December 9, 2024
Commercial Real Estate Recession 2023 - home sales fall

Goodbye and good riddance says Rep. Barney Frank to Fannie Mae and Freddie Mac. In his opinion, both mortgage agencies need to be closed for good. Once that’s accomplished,  the housing finance system can be rebuilt right.

This is a pretty shocking turn of events in the unfolding housing program restructuring. Rather than fix issues individually, Frank believes the current program needs to be rethought from the ground up. This new trend comes on the heels of announcements claiming  unlimited government support for the two mortgage giants. That in turn follows more than $100 billion to cover mounting losses. (Take a look at my 10-20-09 post:  U.S. Mortgage Giants Fannie Mae and Freddie Mac Are Broke ).

Though he didn’t provide many details, coming  from Frank, a long time proponent of the government-backed agencies, this can only mean a shift in Washington policies. Treasury Sec. Geithner recently stated in an interview that while changes might only happen next year when they do they’ll be the product of a “cold, hard look” at both organizations.

These two entities are the basis of the govt.’s programs to bolster the housing market. Currently they seem to be the government’s only way to bolster sagging housing prices. And according to S&P, any change in support for Fannie and Freddie would have to be carefully weighed against the effect it would have on mortgage premiums.
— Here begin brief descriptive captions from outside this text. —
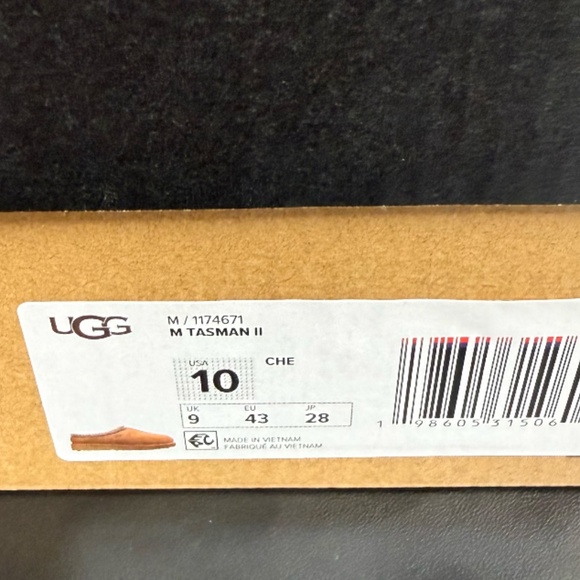 UGG MEN'S TASMAN II (CHESTNUT) - Picture 3 of 3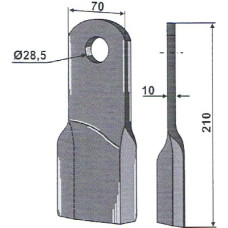Granit Schlegel 63-FIS-07 Fischer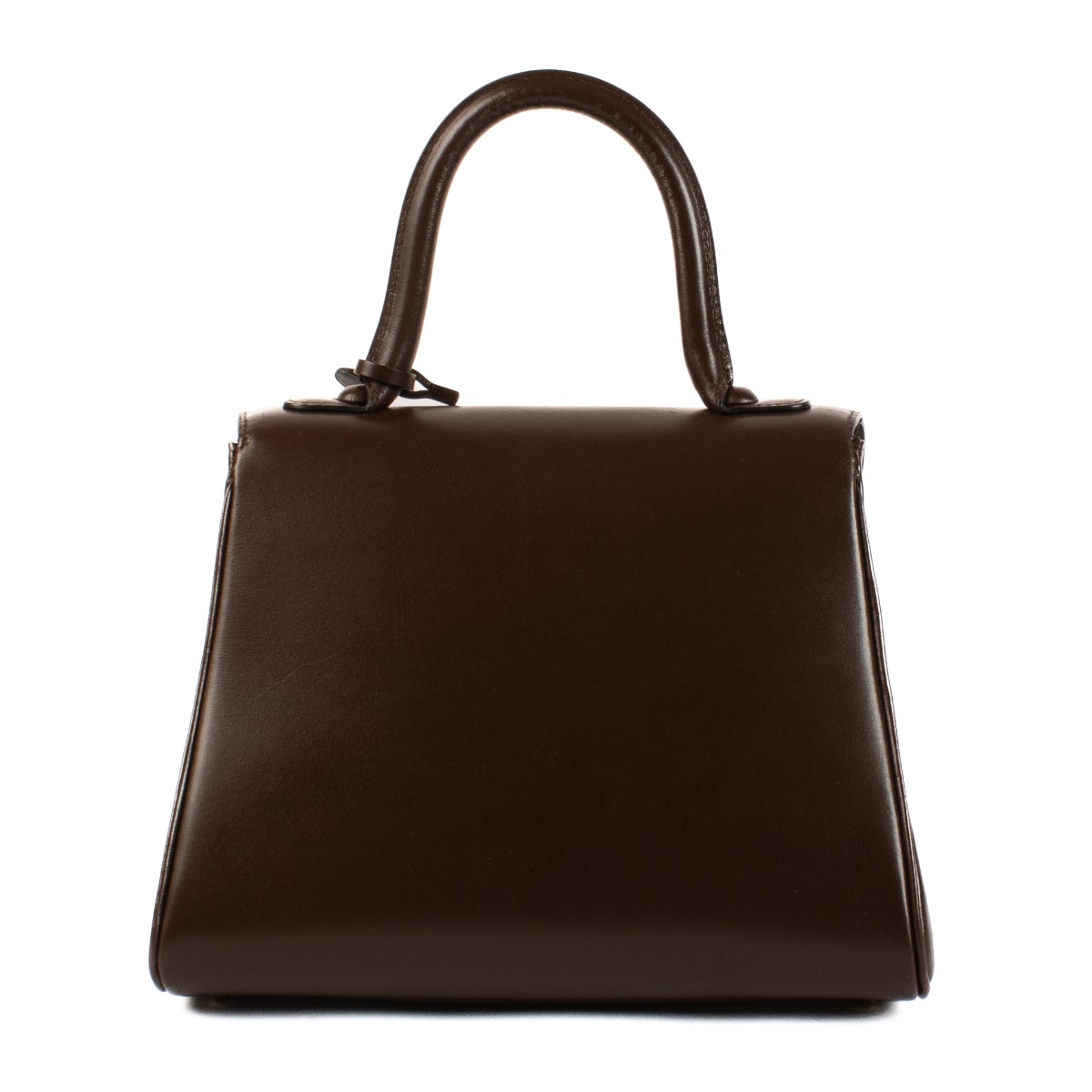 ★Delvaux★ブリヨン PM Box Calf DELVAUX デルヴォー ハンドバッグ Brillant ブリヨン PM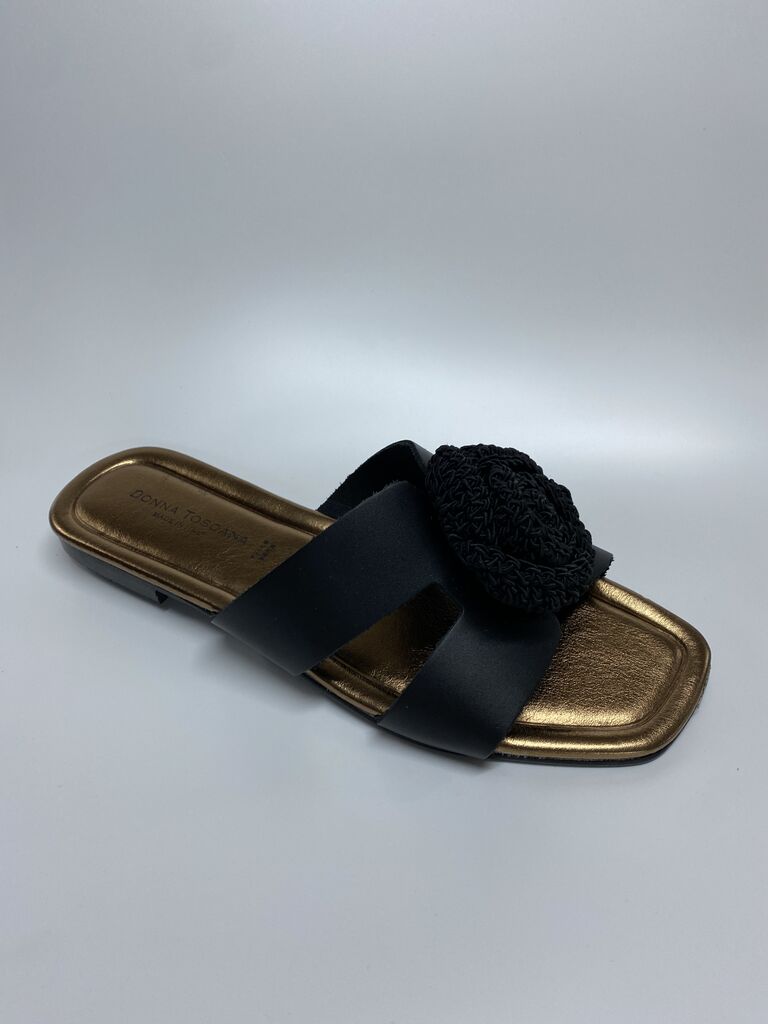 Slipper Nappa NERO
In a recent report it was shown that the number of borrowers at least 60 days behind on home loans owned or guaranteed by Fannie Mae and Freddie Mac rose to 1.65 million in October from 1.59 million in September, and has more than doubled since a year earlier. Delinquencies of 60 days or more as a share of mortgages serviced by the companies rose to 5.4 percent, from 5.2 per cent.
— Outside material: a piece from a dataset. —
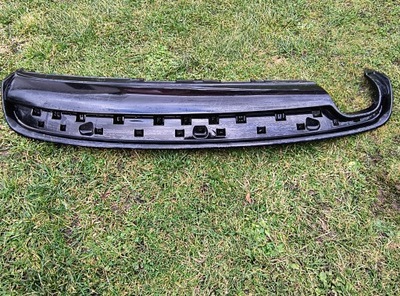 AUDI A5 CUPÉ RESTYLING S-LINE SPOILER PARTE TRASERA DIFUSOR 8T0 8T0807521J NEGRO  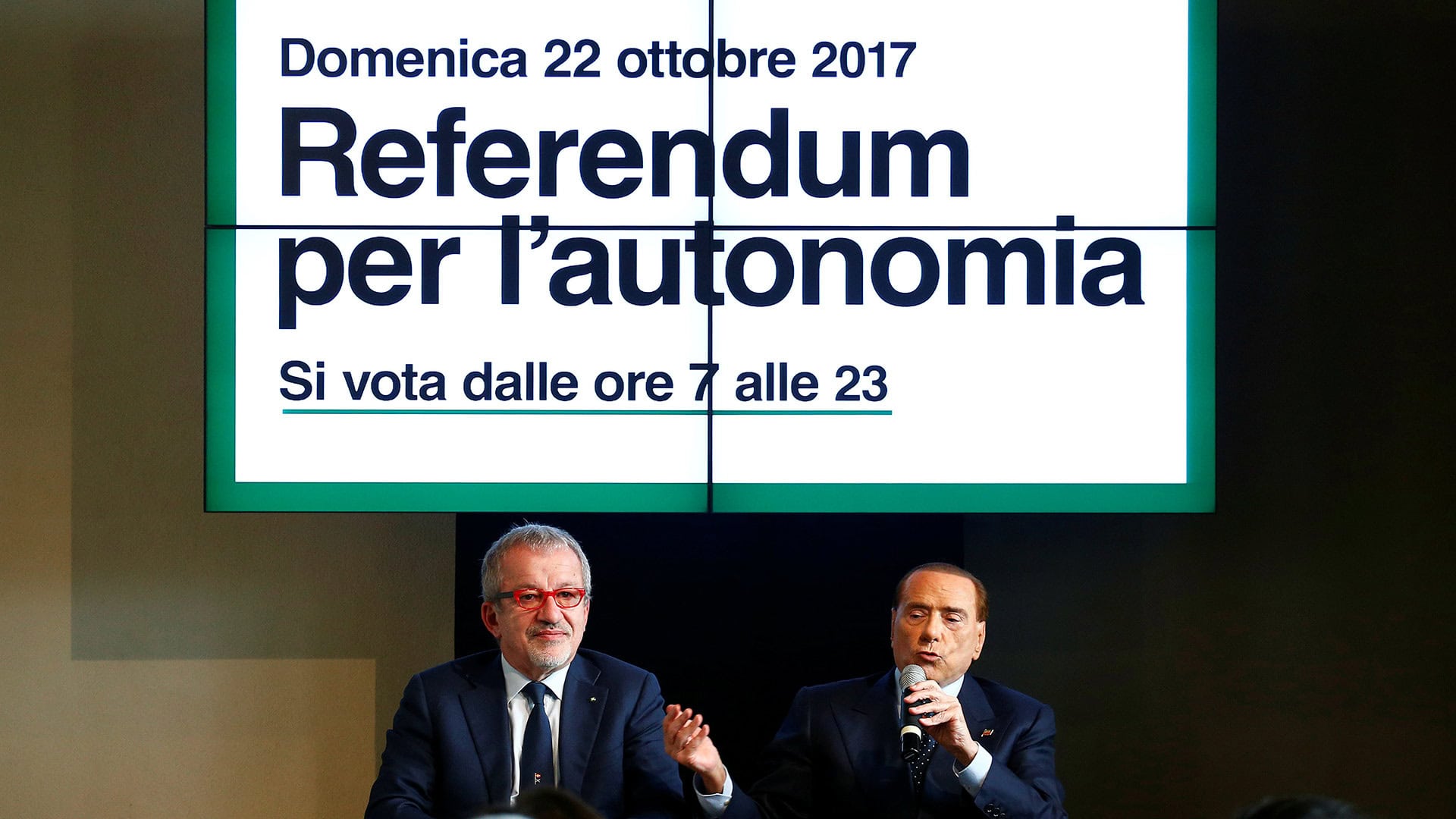 Lombardía y Véneto votan en referéndum para reclamar una mayor autonomía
The US residential mortgage market stands at $11 trillion. Fannie and Freddie stand behind 51% of that. And behind them? Well, the US government, for now. Without that backstop, would enough private investment move in to fill the void?

With the government takeover of both Fannie Mae and Freddie Mac, one would assume that their combined liabilities would be part of Obama’s just released budget . But, for some reason, (most likely their huge junk mortgages) they are absent from the budget. Seems that these two giants and their vast obligations are likely to remain conveniently — and controversially — off the federal books. Fannie Mae and Freddie Mac have obligations conservatively estimated at$1.6 trillion in corporate debt and $4.7 trillion mortgage obligations.
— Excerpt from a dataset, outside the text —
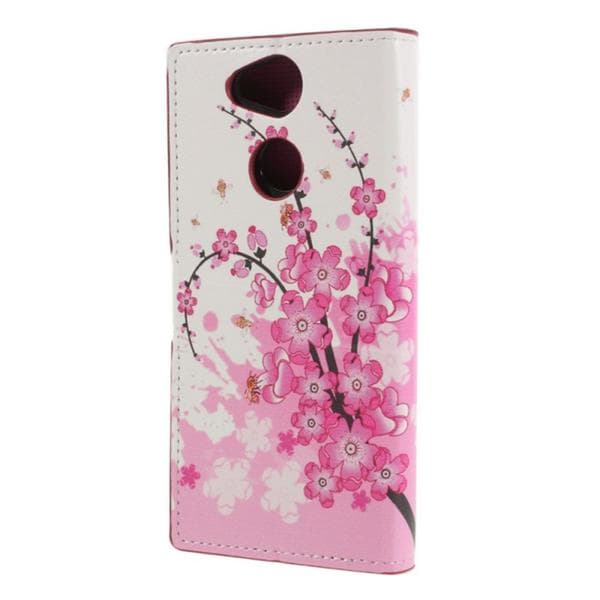 Plånboksfodral Sony Xperia XA2 - Körsbärsblommor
Paul Miller, a former examiner for the Federal Reserve who is now an analyst with FBR Capital Markets in Arlington, Virginia said: “They are using the Treasury’s borrowings to repay” the Treasury. They never made that much money in their heyday. My guess is that Treasury and the government will come to the conclusion that the GSEs will not be able to pay this back and will begin to look at the banking industry to repay the loans.”